The panel’s recommendations included convincing people to eat less meat and dairy, reducing energy consumption, increasing the electrification of the economy and making a stronger push for improving carbon capture, among other measures.

Environmental groups applauded the recommendations, which they said showed reaching net-zero emissions is feasible, as well as necessary. But it remains to be seen how aggressively the government will act on the proposals.

CHINA

Polar Silk

The Pentagon warned that China’s economic activities in the Arctic could lead to a greater military presence – including the deployment of submarines as a nuclear deterrent – a few days before US Secretary of State Mike Pompeo is set to attend the meeting of the eight-nation Arctic Council in Rovaniemi, Finland.

In a new report issued Thursday, the Pentagon evaluated plans outlined in China’s first official Arctic policy white paper, which discusses the creation of shipping lanes for a “Polar Silk Road” to complement President Xi Jinping’s Belt and Road Initiative, Reuters reported.

The Pentagon also noted that Denmark has expressed concern about China’s interest in Greenland, where Beijing is keen to establish a research station and a satellite ground station, as well as renovate airports and expand mining.

“Civilian research could support a strengthened Chinese military presence in the Arctic Ocean, which could include deploying submarines to the region as a deterrent against nuclear attacks,” the Pentagon report said, noting that China’s military has made modernizing its submarine fleet a high priority.

DISCOVERIES

Smelling in Tongues

Snakes flick their tongues out when picking up scents, but scientists recently discovered that humans have something akin to that – minus the flicking.

Researchers at the US-based Monell Chemical Senses Center have found smell receptors in the taste-sensing cells in the tiny bumps on the tongue called papillae.

According to senior study author Mehmet Hakan Ozdener, the research suggests that the process of detecting flavor, which involves mixing smell and taste signals, may start in the tongue instead of the brain.
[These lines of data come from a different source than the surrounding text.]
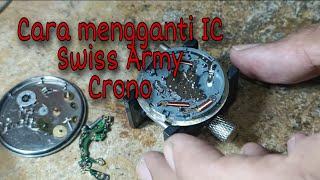 CARA MENGGANTI IC JAM SWISS ARMY CHRONOGRAPH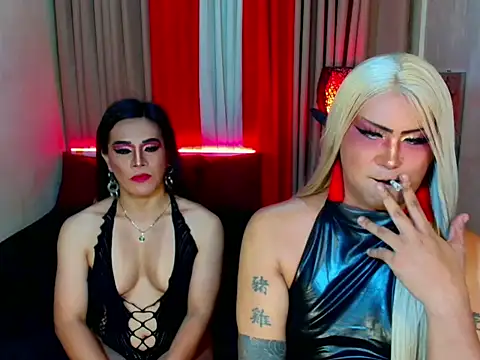 Wildest_Slave_Huntress webcam
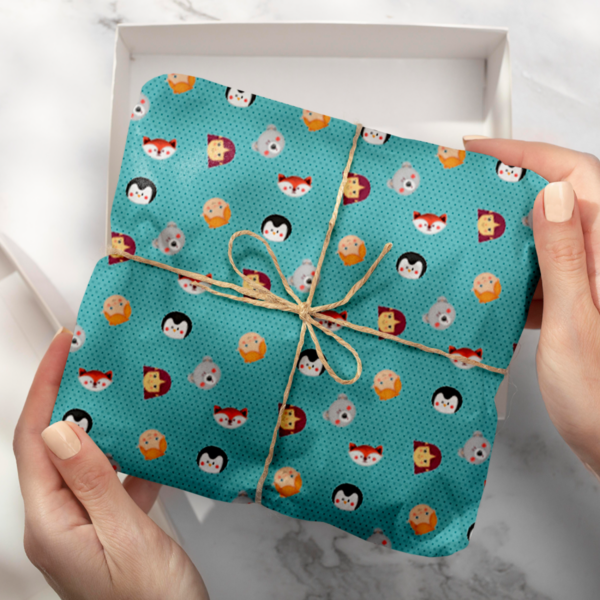 Imagen de paquete de regalo envuelto en el papel de regalo niños azul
The research team conducted several genetic and biochemical tests, which showed that taste cells reacted the same way as cells that pick up scents, Newsweek reported.
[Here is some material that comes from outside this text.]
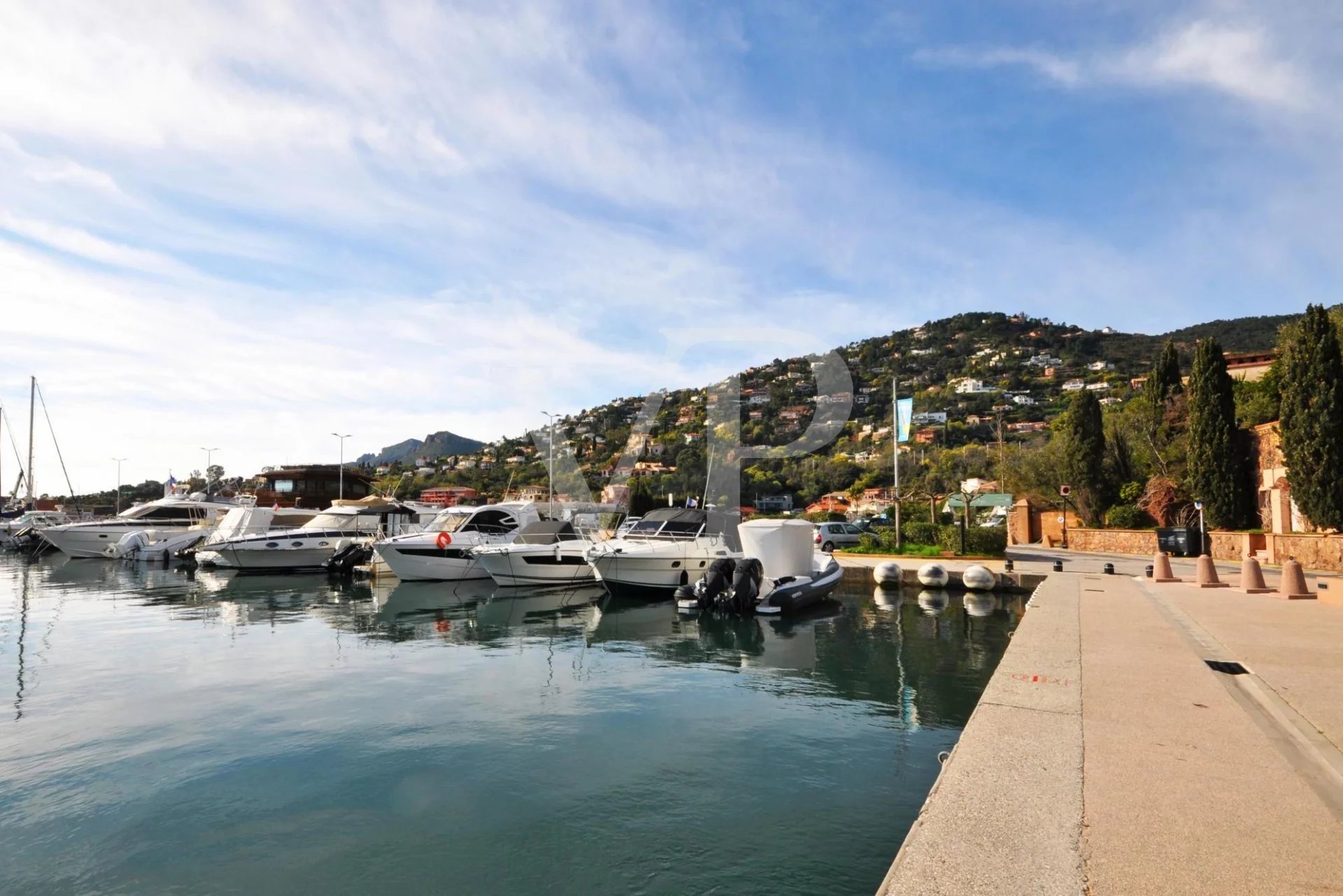 South Facing Sea View Apartment by the Port and Beach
This doesn’t mean, however, that humans can now “sniff” with their tongues, says Ozdener.

“I am not saying that (if you) open your mouth, you smell,” he told the Guardian.
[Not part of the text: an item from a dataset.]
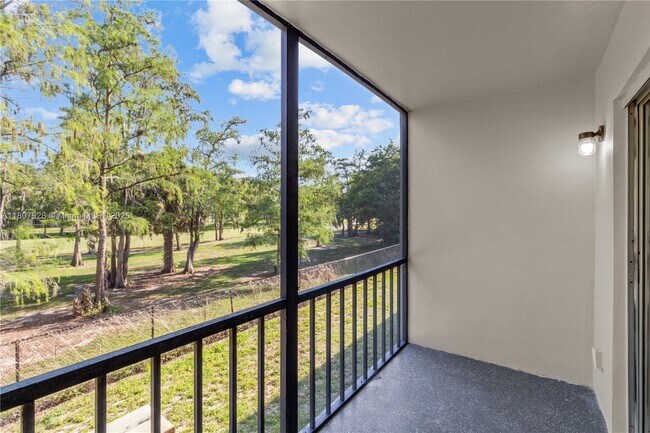 Building Photo - 7900 S Colony Cir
Indeed, the cells also work differently than the snake’s creepy tongue: The reptiles’ forked flickers pick up odor molecules, which are then sent to and processed in special organs in the mouth.

Still, researchers hope their study will help scientists understand how the human sense of smell works and create better tasting foods to encourage healthier eating.

“This may lead to the development of odor-based taste modifiers that can help combat the excess salt, sugar and fat intake associated with diet-related diseases such as obesity and diabetes,” said Ozdener.